* **Dataset section**
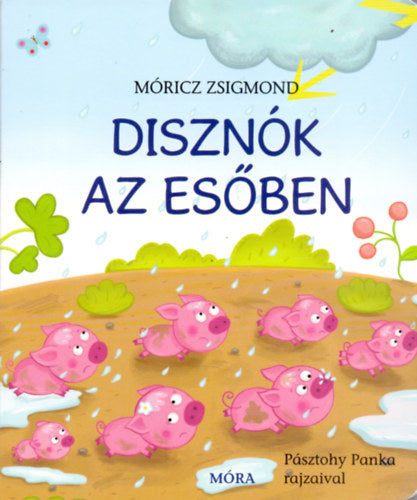 Disznók az esőben - Móricz Zsigmond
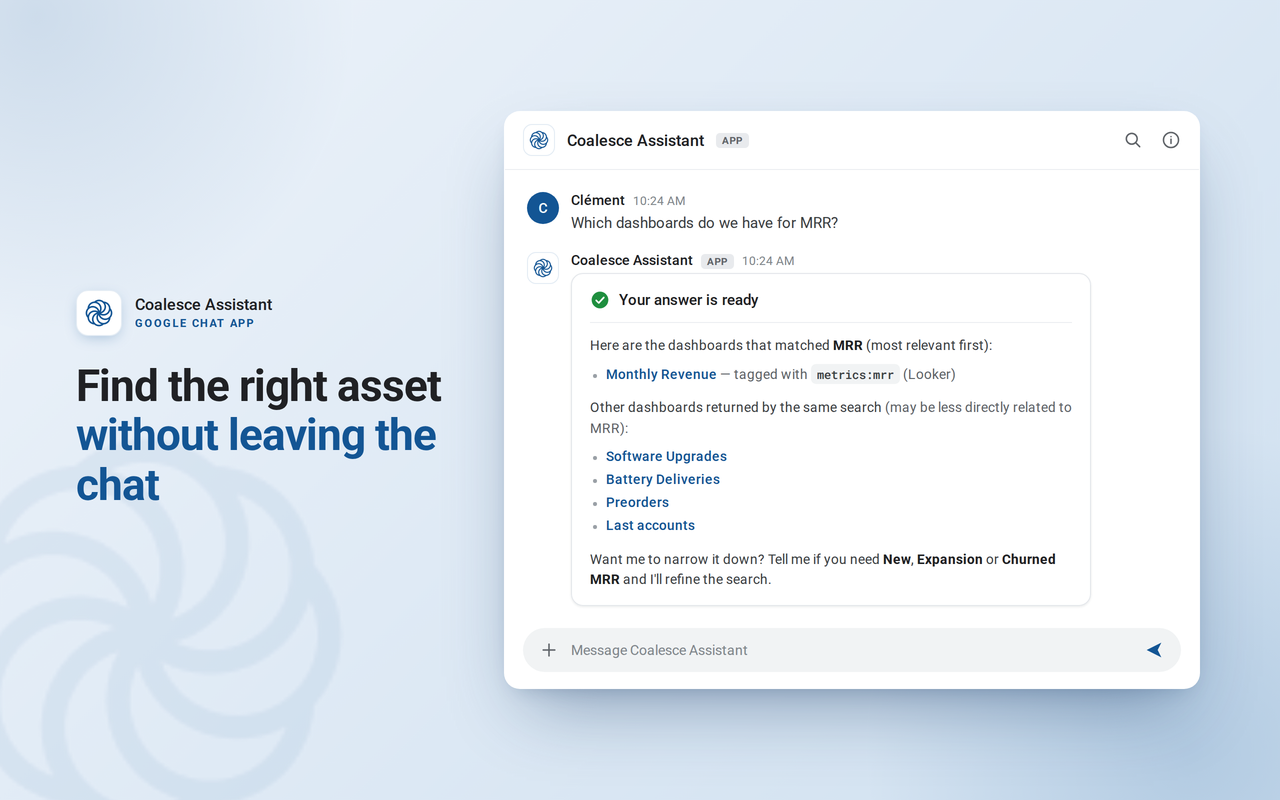 Coalesce Assistant answering a question about MRR dashboards in Google Chat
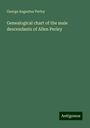 George Augustus Perley: Genealogical chart of the male descendants of Allen Perley, Buch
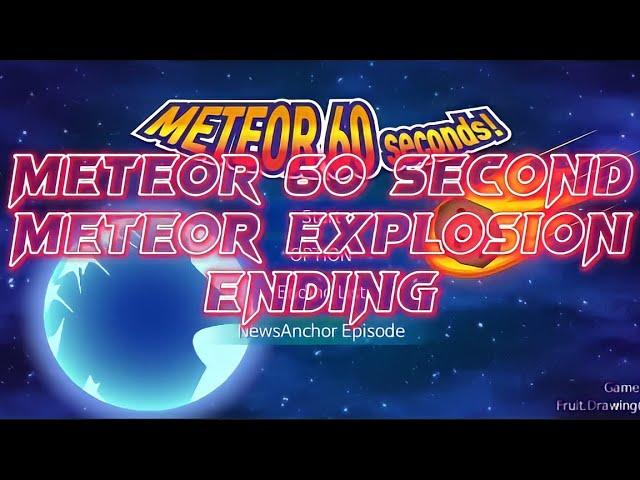 Meteor 60 Seconds Meteor Explosion Ending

* **What to work on**
The material above should be returned exactly, without pictures.

* **Exercise answer**
 Disznók az esőben - Móricz Zsigmond
 Coalesce Assistant answering a question about MRR dashboards in Google Chat
 George Augustus Perley: Genealogical chart of the male descendants of Allen Perley, Buch
 Meteor 60 Seconds Meteor Explosion Ending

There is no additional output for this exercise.